Indem sie das Nervensystem von Bienen, Hummeln und anderen Insekten nachhaltig angreifen, sind Giftstoffe aus der Gruppe der Neonicotinoide, Metaldehyde und auch das weltweit meistverkaufte Pestizid, Glyphosat, maßgeblich für den alarmierenden Rückgang der Populationen verantwortlich.
Die drohenden Konsequenzen von Ernteeinbußen und die Stabilität unserer Nahrungsmittelversorgung sind ebenso absehbar wie verheerend. Grund genug also, sowohl in der Landwirtschaft als auch in Haus und Hof auf die Verwendung dieser giftigen Pflanzenschutzmitteln zu verzichten.

Doch die Agrochemie-Industrie ist eines der lukrativsten Geschäfte überhaupt.

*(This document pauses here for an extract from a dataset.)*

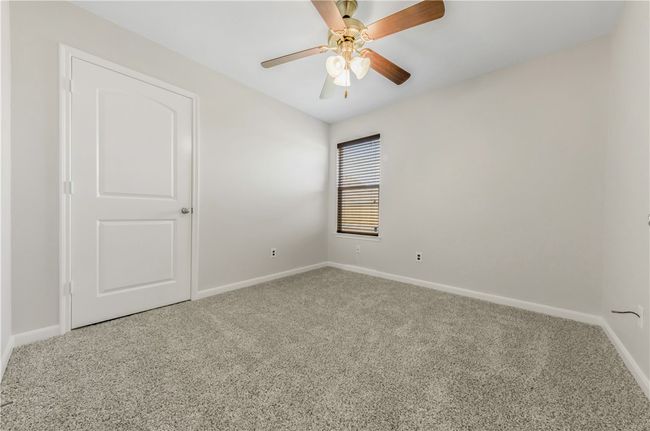Empty room featuring carpet floors and baseboards | Image 15
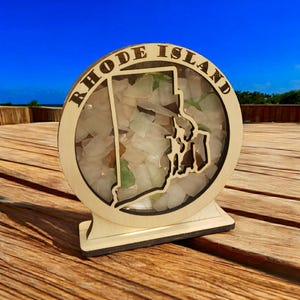 May include: A wooden cutout of the state of Rhode Island filled with small pieces of sea glass. The cutout is mounted on a wooden base and has the words "Rhode Island" inscribed around the edge.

Daher verwundert es nicht, wenn ein von dem Chemiekonzern Bayer finanziertes Bienen-Monitoring, das seit dem Jahr 2004 vorgibt, das mysteriöse Bienensterben aufklären zu wollen, Jahr für Jahr zu dem Ergebnis kommt, der Verursacher für das seit mehr als einem Jahrzehnt andauernde Bienensterben sei die Varroamilbe, nicht aber Pestizide.

Die aggressiven Methoden bei der Durchsetzung von Profitinteressen zeigen sich auch in dem geplanten Freihandelsabkommen TTIP. Viele Gegner befürchten, dass damit der Weg geebnet wird, um die totale Kontrolle über die Natur in die Hände von Konzernen wie Monsanto, Syngenta und BayerCropScience abzugeben. Ein Umstand den Natur- und Verbraucherschützer nicht hinnehmen wollen und seit 2004 eine strengere Überwachung der Zulassung forderten.

Die EU-Kommission jedoch zeigt sich einmal mehr als verlässlicher Pate der Agrar-Konzerne: Trotz der Einstufung von Glyphosat durch die WHO als „wahrscheinlich krebserzeugend bei Menschen“ will sie erklärtermaßen dessen Lizenz um 15 Jahre verlängern.